Ao acatar o pedido, a Justiça entendeu que, além de ter ligações familiares em outro estado, a acusada responde por um crime com pena que pode chegar a 30 anos de prisão, o que aumenta as chances de fuga.

Também apontou indícios de que Larissa tentou esconder provas ao longo do processo. Segundo a Polícia Civil, ela “resetou” o celular dias depois do envenenamento, em fevereiro. Durante as investigações, Larissa negou envolvimento no envenenamento.


Segundo a Polícia Civil, o momento em que Larissa de Souza adicionou algo ao copo de açaí foi flagrado por câmeras de segurança em Ribeirão Preto, SP

Segundo a Polícia Civil, o momento em que Larissa de Souza adicionou algo ao copo de açaí foi flagrado por câmeras de segurança em Ribeirão Preto, SP

Foto: Reprodução/Câmera de segurança


Promotoria diz que houve premeditação

O promotor afirmou que ainda não está evidente o que motivou o crime, mas que, para o Ministério Público, não há dúvida de que Larissa agiu de forma premeditada.
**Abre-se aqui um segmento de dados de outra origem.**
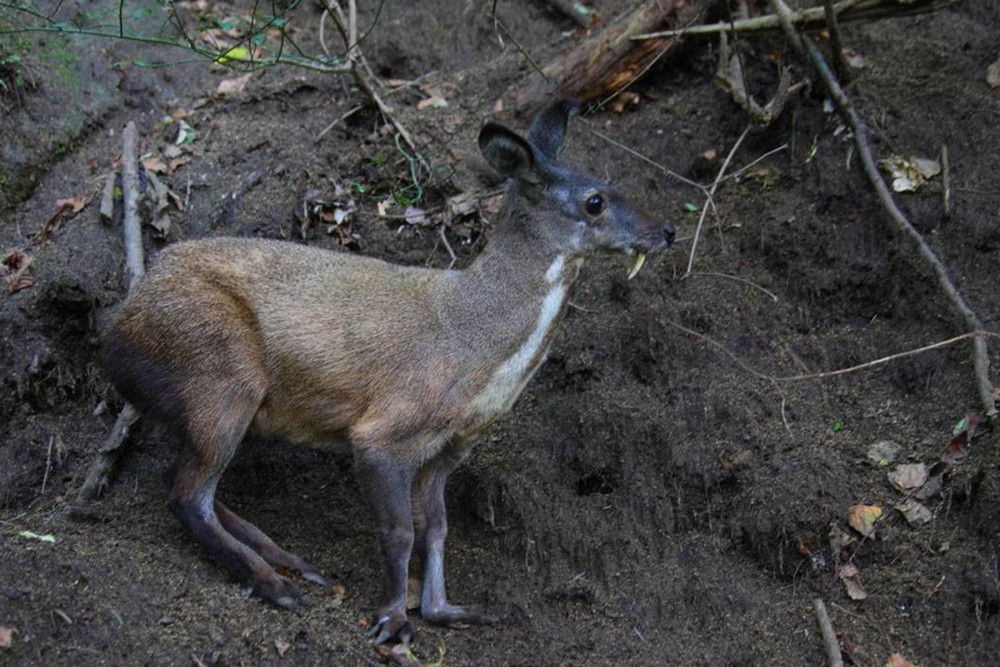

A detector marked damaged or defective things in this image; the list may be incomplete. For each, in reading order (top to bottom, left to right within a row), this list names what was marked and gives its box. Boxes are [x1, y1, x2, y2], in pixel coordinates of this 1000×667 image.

broken stick [77, 122, 145, 504]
Segundo ele, a acusada abriu a tampa do copo de açaí e colocou chumbinho, além de já ter providenciado a substância antes.

O que mostram as imagens e a investigação

O caso ocorreu em 5 de fevereiro. Larissa foi a uma loja na Avenida Barão do Bananal, na zona Leste de Ribeirão Preto, por volta das 16h, para retirar o pedido de dois copos de açaí com morango, leite condensado e amendoim.

Imagens de câmeras de segurança de vizinhos do casal registraram o momento em que Larissa e Adenilson chegaram em casa de carro. Ela carregava uma sacola com os dois copos e entregou um deles ao namorado antes de entrar na residência.

Segundo a polícia, ainda dentro do carro, Larissa teria colocado algo em um dos copos e, depois, descartado um saquinho plástico em via pública. Em depoimento, ela afirmou que adicionou leite condensado, que veio à parte.

Nas imagens, a sequência mostra que a jovem entrega o copo ao namorado e entra na casa. Ele deixa o açaí no chão e sai com o carro. Minutos depois, Larissa vai até a garagem, recolhe o copo e retorna para dentro. Adenilson volta à residência e permanece no local por cerca de 20 minutos.

Por volta das 20h, a câmera de segurança da loja onde o açaí foi comprado flagrou o casal retornando ao local para reclamar da compra. Adenilson já sentia queimação na garganta, tontura, sonolência intensa e gosto de óleo de motor de carro. Depois disso, ele foi internado, se recuperou e sobreviveu à ingestão de chumbinho.